LIVE REVIEW: Marika Hackman @ Soup Kitchen, Manchester (13/03/2014)LIVE REVIEW: Marika Hackman @ Soup Kitchen, Manchester (13/03/2014)

LIVE REVIEW: Marika Hackman @ Soup Kitchen, Manchester (13/03/2014)


No wait come back!

So taboo has that word become in recent years that it would be completely understandable if you’d stopped reading this review and turned up your nose with revulsion. Immediately casting to mind visions of tweed-clad poshos self-indulgently strumming their banjos and moaning until they’re all flushed and sweaty, it’s no wonder that people daren’t look a folk artist in the eye again for the fear they’ll end up on some kind of register.

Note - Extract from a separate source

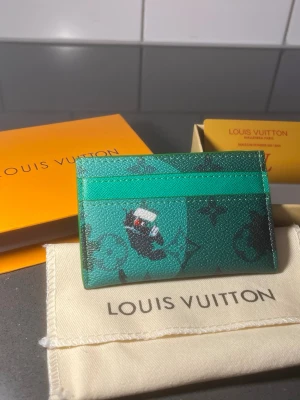 Korthållare  - Grön korthållare, helt ny och oanvänd, allt som viasas i bilden medföljer, passar perfekt för dig som vill sticka ut med något unikt, skickas inom 24 timmar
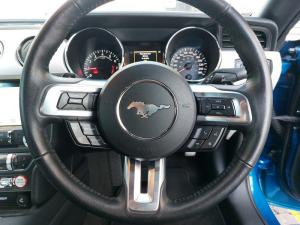Ford Mustang 5.0 GT fastback auto - Image 14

Enter Marika Hackman – here to claw back the genre’s credibility from the portentous clutches of Nu-Folk. Imagine Cate-le-Bon fronting Warpaint.

In the dingy Soup Kitchen basement, Marika’s arch commentary and stoner-rocker appearance made for an intriguing stage presence that (almost) managed to cloak the nervous youngster beneath.

Playing with a new backing band for just the third time tonight, Marika launched straight into the usually disarming sweetness of “Bath Is Black”. Regrettably a mixture of nerves and misjudged sound-checking instead caught the audience on the back-foot, as runaway drums failed to be muzzled at the sound desk until into the second track.

A  minor mishap though in an otherwise surprisingly varied set. A grungy tang flavoured the guitar sound throughout and was used to terrific effect on a gnarled cover of Joanna Newsom’s “81”. New track “Deep Green” from current EP ‘Deaf Heat’ managed to capture a tormented uneasiness that sounded like Pentangle if they’d gone through a ‘Kid A’ phase. The graphic lyrical imagery of “Cannibal” illustrated her penchant for unsettling, wistful song-writing as delivered with lip-smacking relish as she recalled the “iron taste” of blood as it “runs down my face”. A swift acoustic interlude aptly exposed the jagged, brittle bones that make up the haunting skeleton hanging beneath her songs, before the band filed back on-stage to flesh them out again with a climactic “Cinnamon”.

Nu-Folk. Folk off. Post-Folk is here and it sounds like Marika Hackman.